It looks like it won't be hard for me to beat the official EV range (40 km = 25 miles).

  • 40 km = "EV distance to empty" displayed after top-up charge, as of first thing this AM
  • 23 km = distance I've driven so far today
  • 25 km = "EV distance to empty" currently shown
Hmm... 23 + 25 > 40!

That's all sub/urban driving in my sleepy little city. Eco-driving, not hardcore hypermiling. Main eco techniques: gentle acceleration (when no cars behind); looking well ahead and coasting to as many stops/turns as possible (when not holding up following traffic). Conditions: warm weather (24C / 75F); windows open (no AC); "ECO" drive mode selected.

So it looks like 50-60 km = 30-37 miles of EV range is within reach in this driving environment.

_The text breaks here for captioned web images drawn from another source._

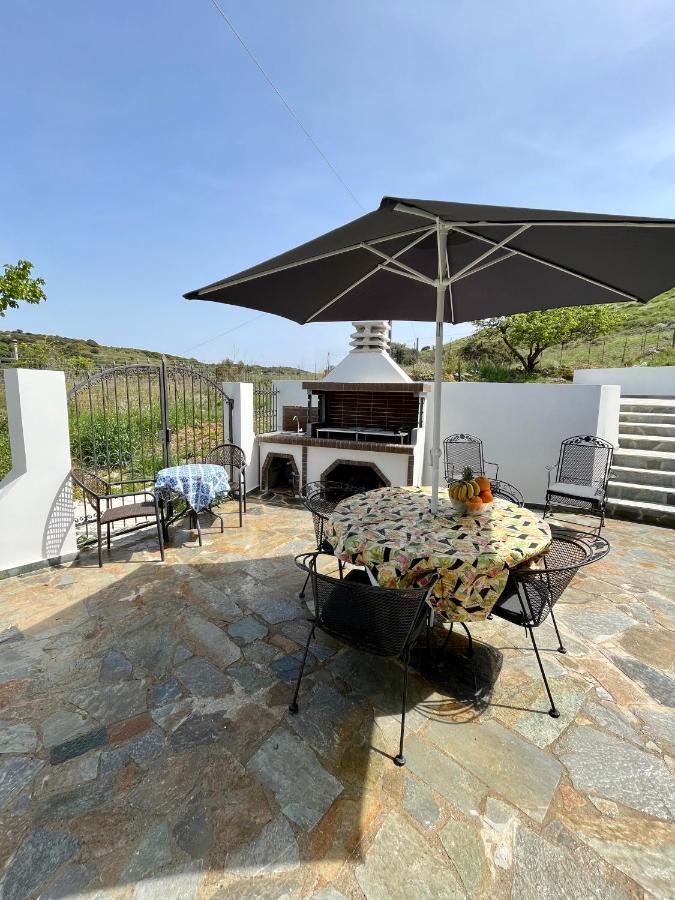 Villa Eftychia Serene Getaway With Hot Tub In A Quiet Location 키사모스 외부 사진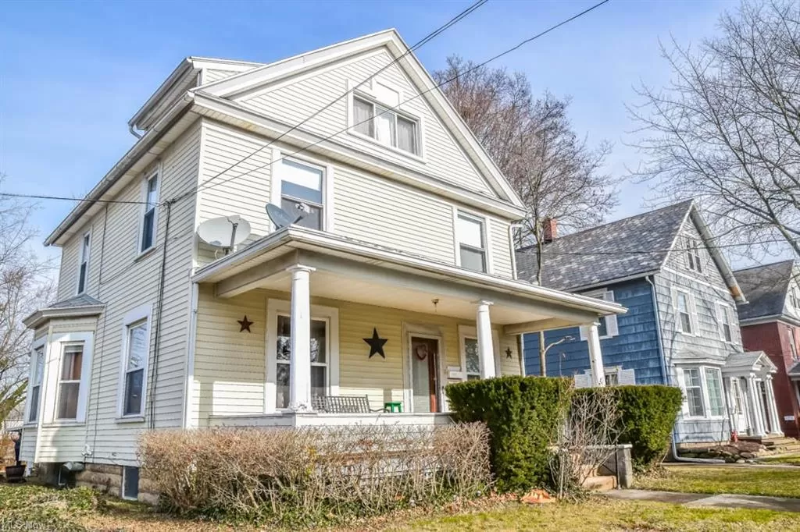 North Canton Multiplex: 413 W Maple St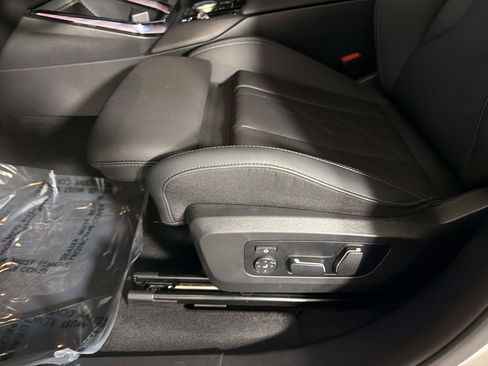 Used 2025 BMW X3 xDrive30i w/ Convenience Package image 38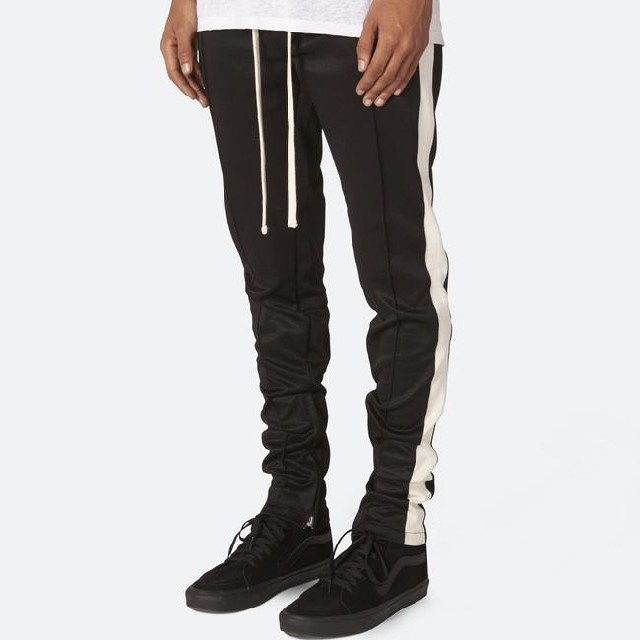 FEAR OF GOD(フィアオブゴッド)のmnml 新品、未開封品
TRACK PANTS-black
XSサイズ メンズのパンツ(その他)の商品写真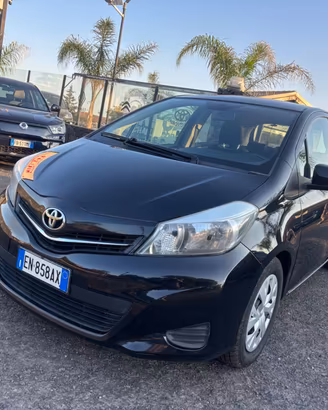 Toyota Yaris 1.4 D-4D 5 porte Lounge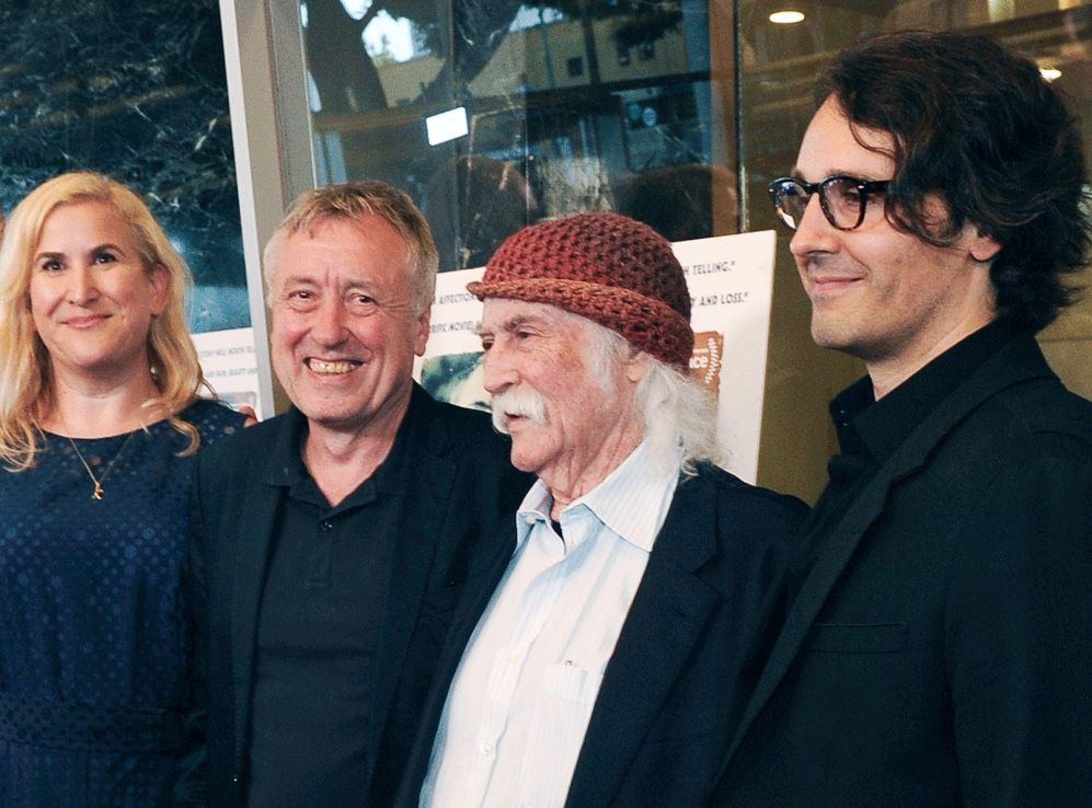 Bei der US-Premiere von "David Crosby: Remember My Name" (von links): Kathy Daum (Senior Director Films BMG), Hartwig Masuch (CEO BMG), David Crosby und A.J. Eaton (Regisseur))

Confused me there. I have read the Volt's engine sometimes drives the wheels at certain (higher) speeds, but only when the battery has already been drained and the ICE/generator is running. In EV mode (unlike the Prius), it's 100% electric, all the time. Am I wrong there?
I'll apologize if this is redundant info,but I think the VOLT is a parallel hybrid,with no mechanical connection between the engine and drive wheels.It can only provide electrical power to the electric motor,when the pack goes below its design threshold.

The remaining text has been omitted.